Researchers from academia and industry, including Li Lab (Dana-Farber Cancer Institute), Church Lab (Wyss Institute, Harvard University), DNAnexus Research Lab, and others, have developed a new genome assembly approach , dubbed DipAsm, for generating chromosome-scaled phased contigs using long reads and long-range confirmation data. The method, described in Nature Biotechnology, could generate results within a day and outperforms other approaches in terms of contiguity and completeness of the phased assemblies. As shown in the paper, when the method was applied to four public datasets, it produced haplotype-resolved assemblies with contig NG50 of up to 25 Mb and phased almost all heterozygous sites with 98-99 percent accuracy.

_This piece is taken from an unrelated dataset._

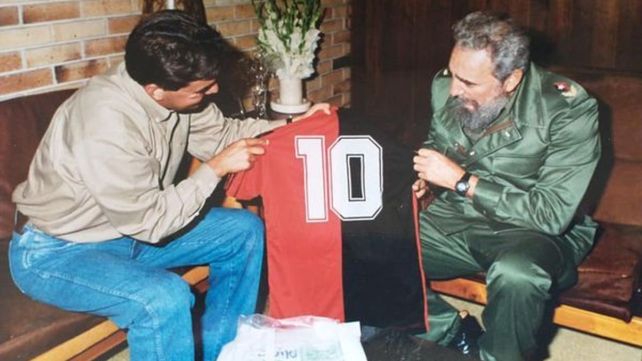 El momento en el que Castro aprecia el regalo enviado por Maradona.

Being able to generate accurate chromosome-scale haplotype-resolved assemblies is crucial for capturing the heterozygous variation present in human genomes and understanding allele-specific methylation and gene expression in research and clinical applications. The accuracy of DipAsm’s assemblies makes it a valuable tool for exploring highly polymorphic parts of the genome such as the Human Leukocyte Antigen region, and the Killer-cell Immunoglobulin-like Receptor region. “Our phased assemblies can reconstruct most of these regions with two contigs for each haplotype,” first author Shilpa Garg, a postdoctoral researcher in the Li Lab, explained in the paper. They also demonstrate how the method enables the identification of both SNPs and structural variants with greater sensitivity and specificity than some current methods.
Full details of how DipAsm works are provided in the paper. But briefly, it reconstructs the haplotypes present in diploid individuals using PacBio’s long High-Fidelity reads and Hi-C data as input. DipAsm works with data from an unphased Peregrine assembly scaffolded by 3D-DNA or HiRise. It uses DeepVariant to call small variants, phases them using WhatsHap and HapCUT2, partitions the reads, and then assembles each partition independently using the Peregrine assembly toolkit.
To demonstrate the method’s accuracy, the researchers applied it to data from four human genomes: the PGP1 from the Personal Genome Project, HG002 and NA12878 from the Genome In a Bottle dataset (GIAB), and HG00733 from the HGSVC project. Full details of the assembly statistics including specifics about the assemblies used for the comparison to the results of the DipAsm pipeline are provided in Table 1 in the paper.
From the GIAB HG002 sample, the researchers generated a phased de novo assembly of 5.95 gigabases that incorporated data from both parental haplotypes. Compared to results from trio binning-based assemblies, the DipAsm assembly achieved better contiguity, and disagreed with less than 0.5% of phased heterozygous SNPs.
To evaluate the consensus accuracy of the DipAsm assembly, the researchers used dipcall to align the phased contigs of the HG002 that they created against the human reference genome. Next, they called SNPs and insertions and deletions from the alignment and compared these calls to the GIAB truth dataset. Out of the 2.36Gb confident regions in GIAB, the DipAsm assembly generated over 5,700 false SNP alleles (about 0.19% of called SNPs), and over 65,000 false insertion and deletion alleles (over 11% of called indels). It “achieves a consensus accuracy comparable to the Arrow-polished TrioCanu assembly,” according to the researchers.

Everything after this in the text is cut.